**Work to be completed:** Word for word, restate the data that follows, omitting the images.

Short web captions
==========

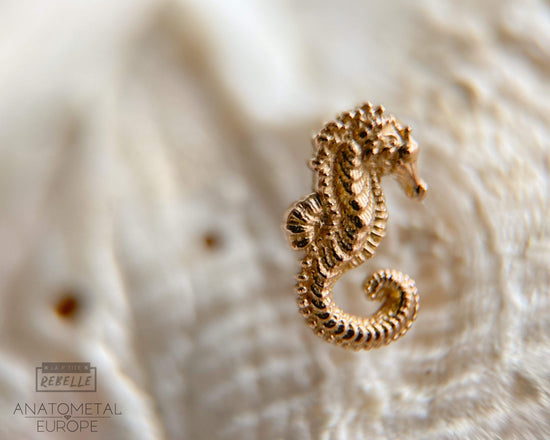 Anatometal Threadless Gold Seahorse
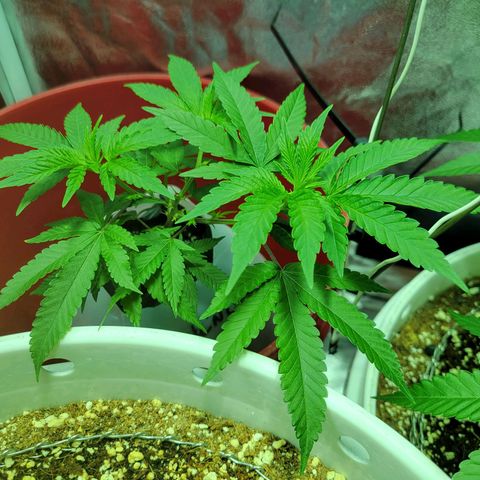 Cake N Chem #2 growlog timeline photo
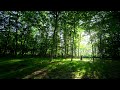 [Playlist] 🌳숲속에 온 듯, 마음이 편해지는 첼로 음악 테라피 (cello music)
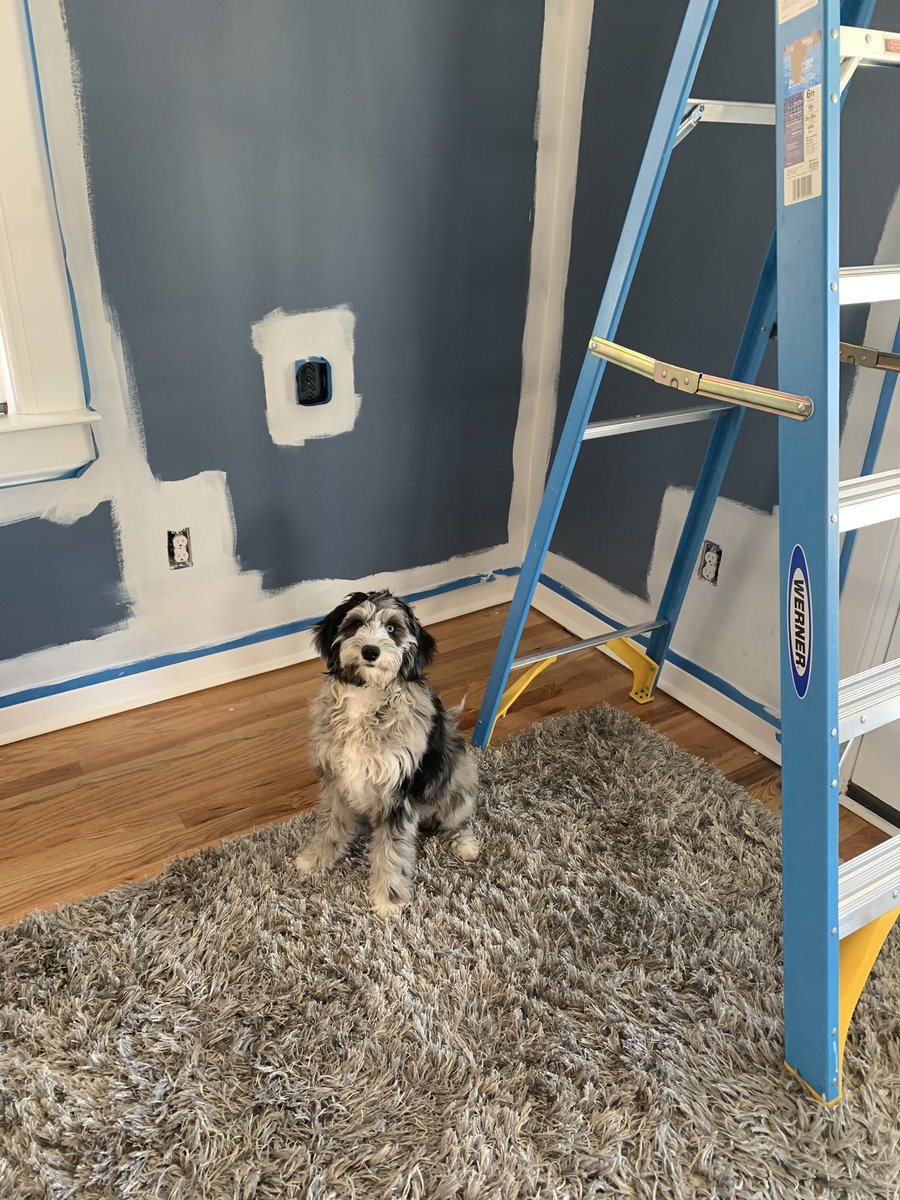 Katie Strom tweet media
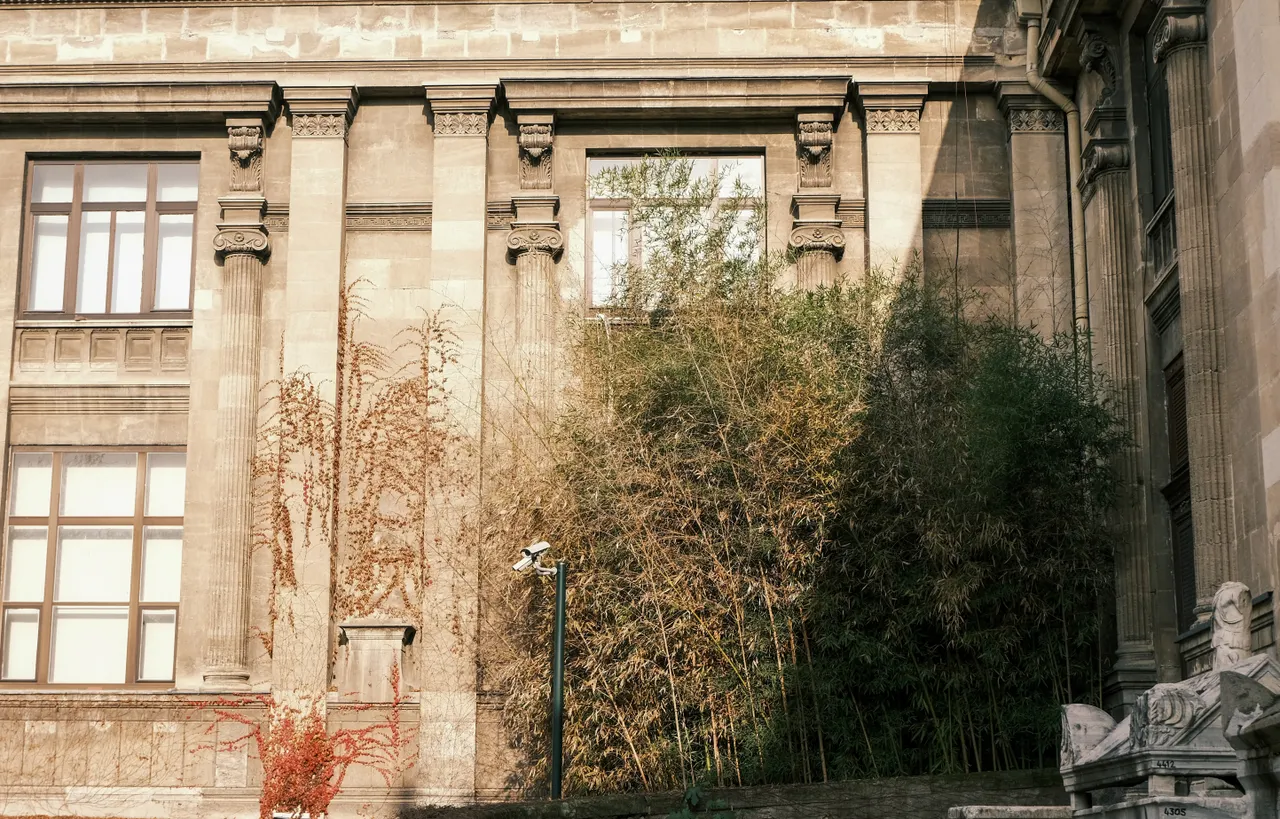 Rekrutacja na studia 2026/2027 w Szczecinie: dodatkowy nabór wciąż trwa na części uczelni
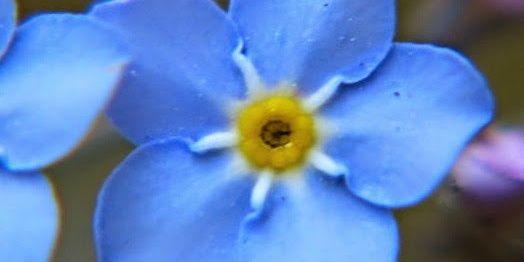 Branko Lobnikar banner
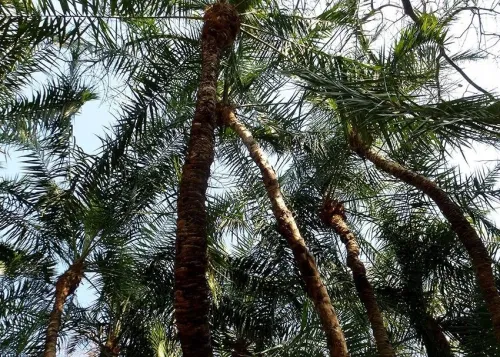 100 Graines de palmier phoenix reclinata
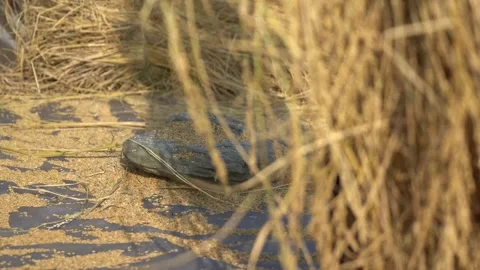 Paddy and straws separating, traditional Stock Footage 270865265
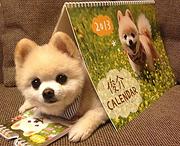 芜湖本地博美犬犬舍，本地博美犬在哪里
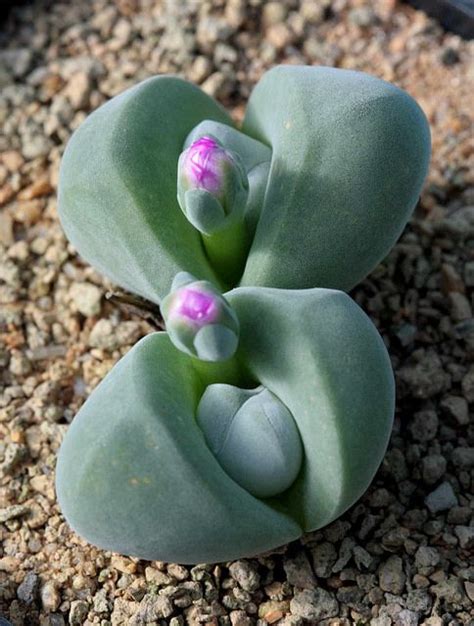 Cacti have adapted to soak. 95 best "Split Rock" Succulent Plants images on Pinterest ...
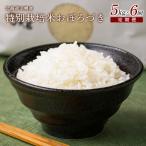 羽幌産 特別栽培米 おぼろづき5kg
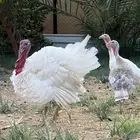 دجاج رومي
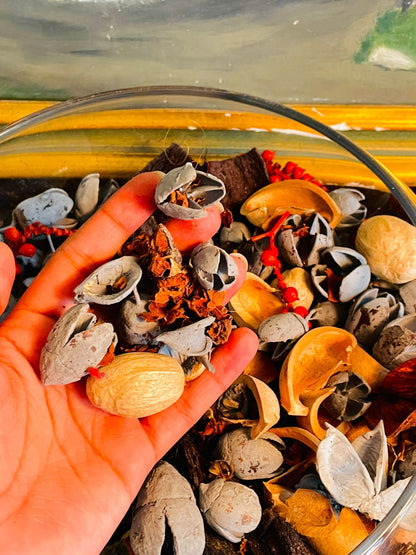 Large Bowl Bowl with Pot Purri – Modern Decorative Centerpiece Display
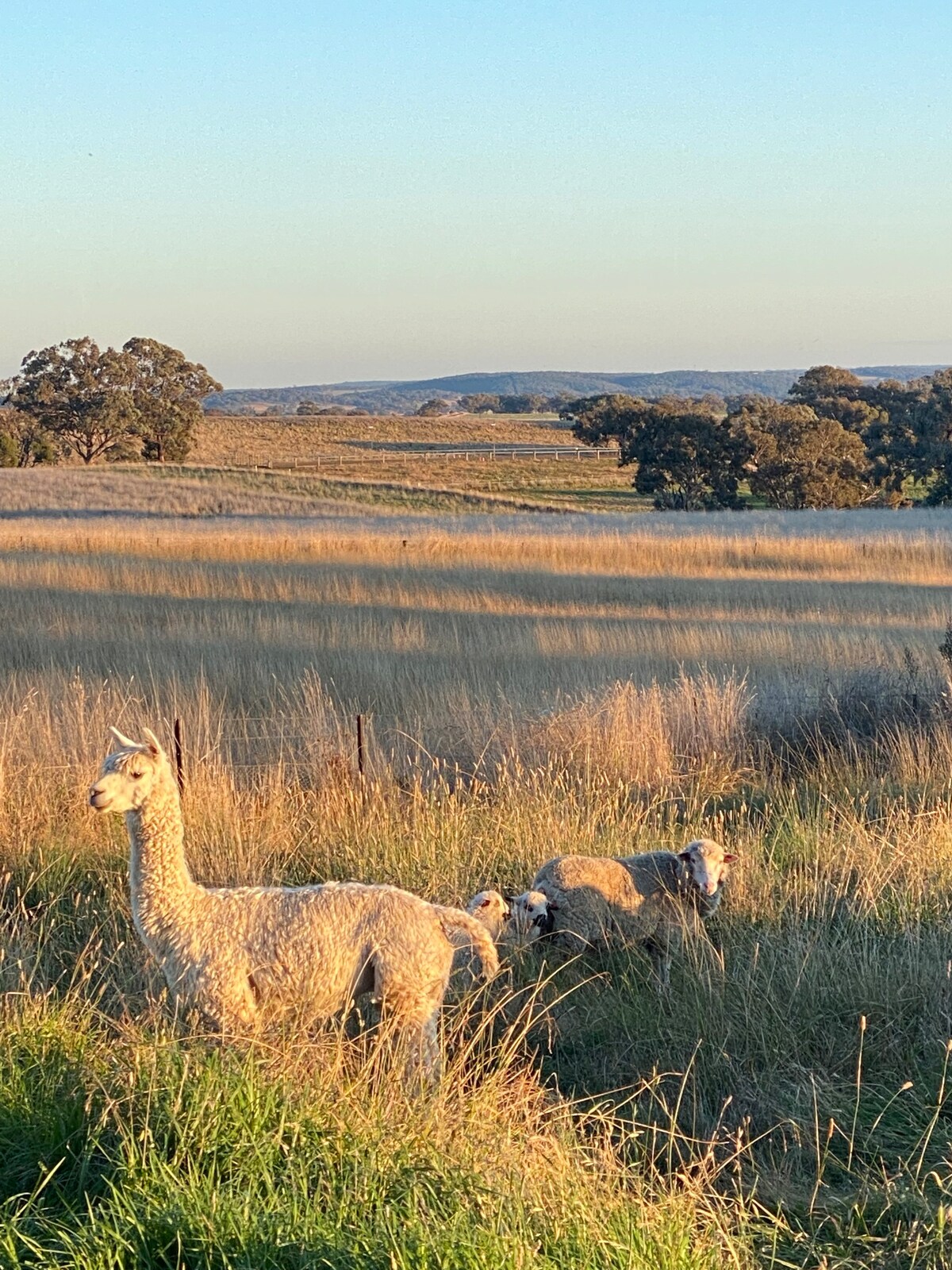 Perfect farm stay near Orange.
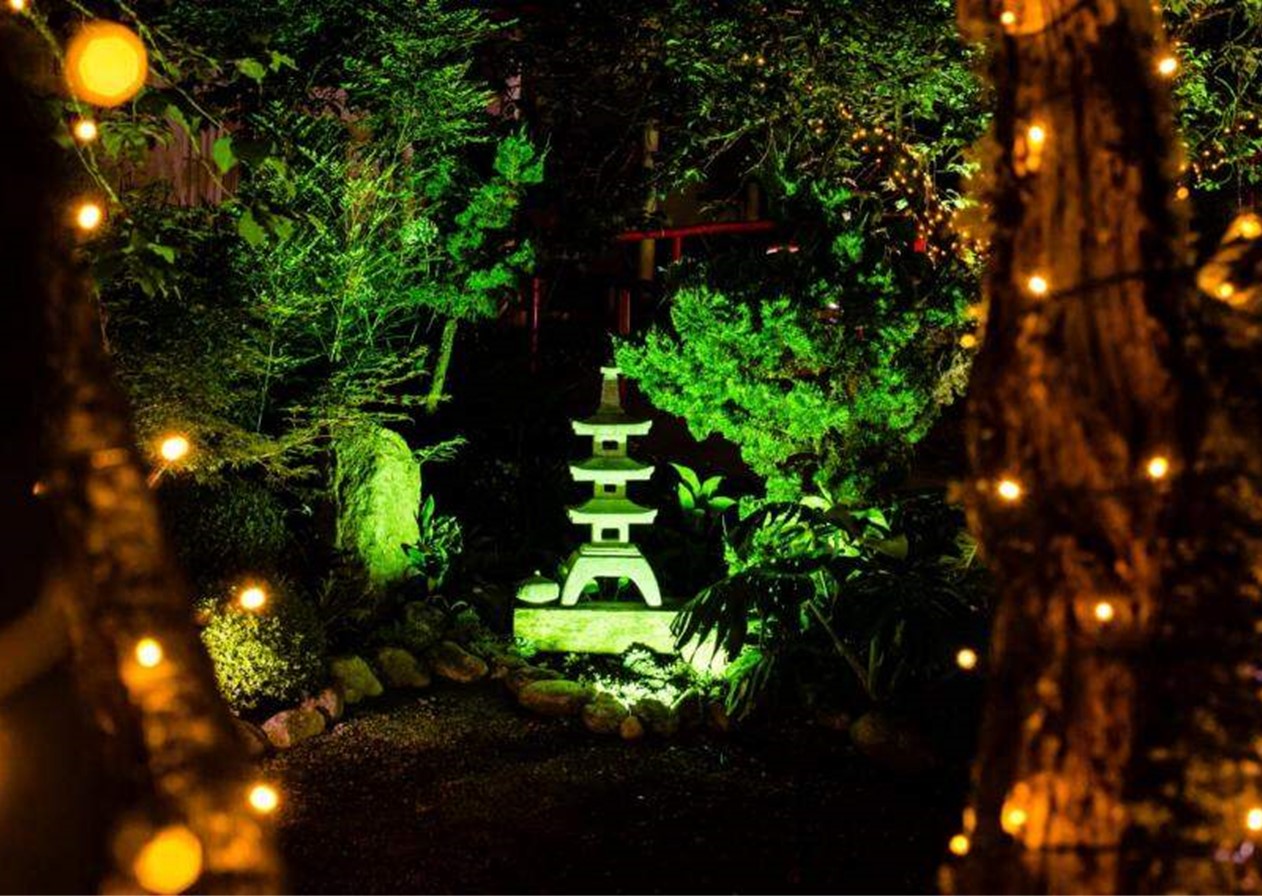Parque da Cerejeira, em Campos do Jordão inaugura programação de Natal com 60 cerejeiras iluminadas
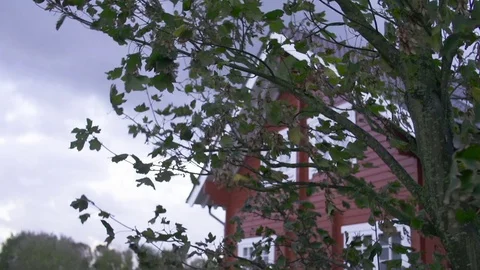 Wind blowing tree with house in background Stock Footage 71566013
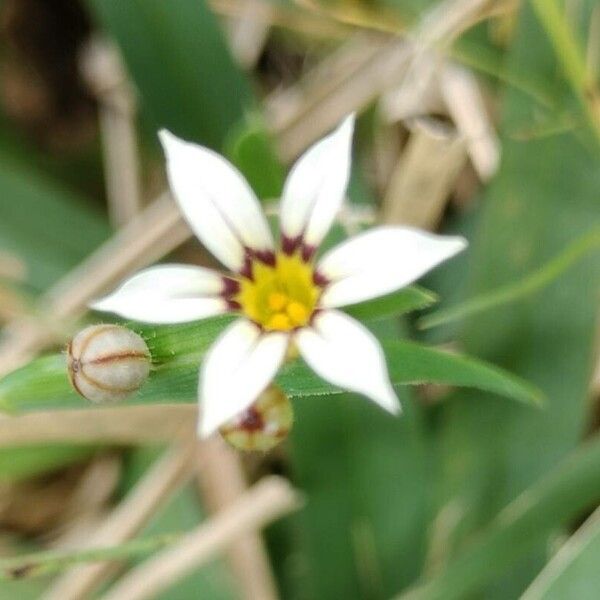 Sisyrinchium micranthum Blüte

==========

**Answer space:**
 Anatometal Threadless Gold Seahorse
 Cake N Chem #2 growlog timeline photo
 [Playlist] 🌳숲속에 온 듯, 마음이 편해지는 첼로 음악 테라피 (cello music)
 Katie Strom tweet media
 Rekrutacja na studia 2026/2027 w Szczecinie: dodatkowy nabór wciąż trwa na części uczelni
 Branko Lobnikar banner
 100 Graines de palmier phoenix reclinata
 Paddy and straws separating, traditional Stock Footage 270865265
 芜湖本地博美犬犬舍，本地博美犬在哪里
 Cacti have adapted to soak. 95 best "Split Rock" Succulent Plants images on Pinterest ...
 羽幌産 特別栽培米 おぼろづき5kg
 دجاج رومي
 Large Bowl Bowl with Pot Purri – Modern Decorative Centerpiece Display
 Perfect farm stay near Orange.
Parque da Cerejeira, em Campos do Jordão inaugura programação de Natal com 60 cerejeiras iluminadas
 Wind blowing tree with house in background Stock Footage 71566013
 Sisyrinchium micranthum Blüte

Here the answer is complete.